The debate over which projection of population growth is most accurate might seem esoteric to drivers stuck on the 710 Freeway even during the summer vacation months. But the topic has real-life ramifications, because federal and state dollars flow on mathematical formulas tied to population. The size of the House delegation also has theoretical ramifications, though it is hard to get energized over the loss of a seat when the delegation manages to work together so infrequently.
Yet there is also the psychological effect.
Many Californians have grown tired of what growth represents; something “which used to be synonymous with sunshine and health and success now seems more malignant,” as author and social commentator Don Waldie put it.
Still, for all the problems -- traffic, crowded schools, not enough water -- there may be a sense of loss as a place that once symbolized endless possibility finds itself giving up residents and representatives to Texas. And Arizona. And Nevada. And many other places.
Talk of losing a House seat seemed to signal a sudden shift. In truth, the shift has been a giant one, but none too sudden.
The California of yore, drawing people from far and wide, pretty much died more than a decade ago.
In the go-go years, according to demographer Mary Heim of the state Department of Finance, California grew at an annual clip of 2.5%. Now the rate is 1.1%. Although huge in real numbers -- “we still grow every year by the size of the state of Wyoming,” Heim said -- it shows a clear diminution of the lure that once defined California.
The first change occurred in the early 1990s, when a recession slammed California’s aerospace and manufacturing firms.
In the year ending in July 1990, 200,000 more people moved to California from other states than left here, a 25-year high, according to a state report. In the year ending in July 1994, as its economy reeled, the number of people leaving California exceeded arrivals by more than 250,000.
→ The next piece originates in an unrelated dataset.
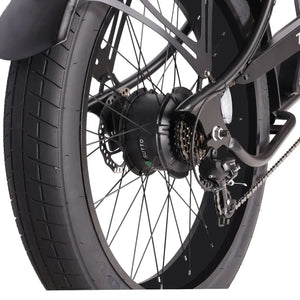 Close-up of the Chico GT7 750W Stretch Cruiser Ebike's rear wheel with fat tire and black rim.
There was another uptick in California’s popularity around 2000, Heim said, but growth has settled down since then.
“What we are seeing right now is fewer people coming into the state, and fewer going out,” she said, “a slowing down” of the historic trends.
Growth is fueled by three measures: international immigration, migration from other states and what those in the trade call the “natural increase,” the number of births minus the number of deaths. Once, California’s numbers were bolstered by refugees from the Dust Bowl and military veterans who, having been stationed here, were drawn back by the mild weather.
Today, most of the growth is the result of births to people who already live here. Foreign immigration persists, but not at the levels it once did.
The reason for the change: jobs, or the lack of them.
“The vast majority of the people who move into and out of California domestically are doing so for jobs,” said demographer Hans Johnson, a senior fellow with the Public Policy Institute of California. “Jobs are really a huge magnet.”
Because of that, he predicts that the state will lose more people -- or, rather, the increase in growth will be smaller -- because of the current recession.
But Heim disagrees, because in contrast to the state’s last recession, the economy is almost as bad everywhere else as it is in California.
“There’s less incentive to go because there might not be a job someplace else either, and moving is an expensive process,” she said.
While demographers wait to see who is right on such questions, Californians ponder what the end of the state’s long growth binge may mean for our collective state of mind.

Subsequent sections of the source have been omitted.